May 23, 2012 2 min read

We're always keeping our eyes peeled for the Vintage Skis and things related to what we like - and do here at Vintage Winter.  Recently, we reviewed "the newest list" - entitled The Most influential Gear of All Time (860 B.C. to Today).  Selected twice are our beloved Vintage Wooden Skis for various Technology improvements. Below are some excerpts from Outside magazine and a few links to get you to the pictures.  

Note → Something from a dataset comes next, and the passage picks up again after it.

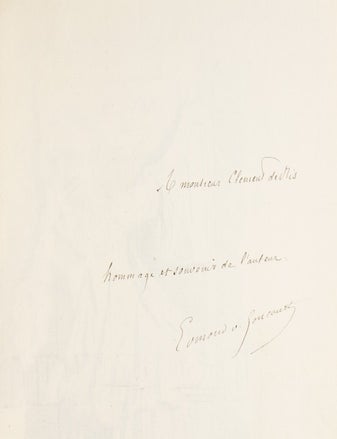 L’Art du Dix-Huitième Siècle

See Outside Magazines highlight of Vintage Downhill Slalom Skis 

Sondre Nordheim is considered the father of modern skiing. Born in the small village of Morgedal in Telemark, Norway, Norheim displayed an early talent for the one-day sport—at that time it was mostly used for transportation—and craftsmanship. As a young boy, Norheim made what may well have been one of the world’s first ski jumps, launching off the roof of his parents’ cottage on two straight pine skis made by his father. But he soon found that he needed better equipment to tackle steeper hills and to make tighter turns, so he experimented with a tight fitting birch binding and ended up shaping a short, curved, flexible ski for easy turning in soft snow. In 1868, when he was 43, Norheim won the first Norwegian national skiing competition in Christiania (now Oslo) on skis he built himself. It took almost 40 years for Norway’s neighbors to adopt skiing as recreation, but by 1924, the ski jumping and the Nordic combined events were a part of the inaugural Olympic Games in Chamonix. 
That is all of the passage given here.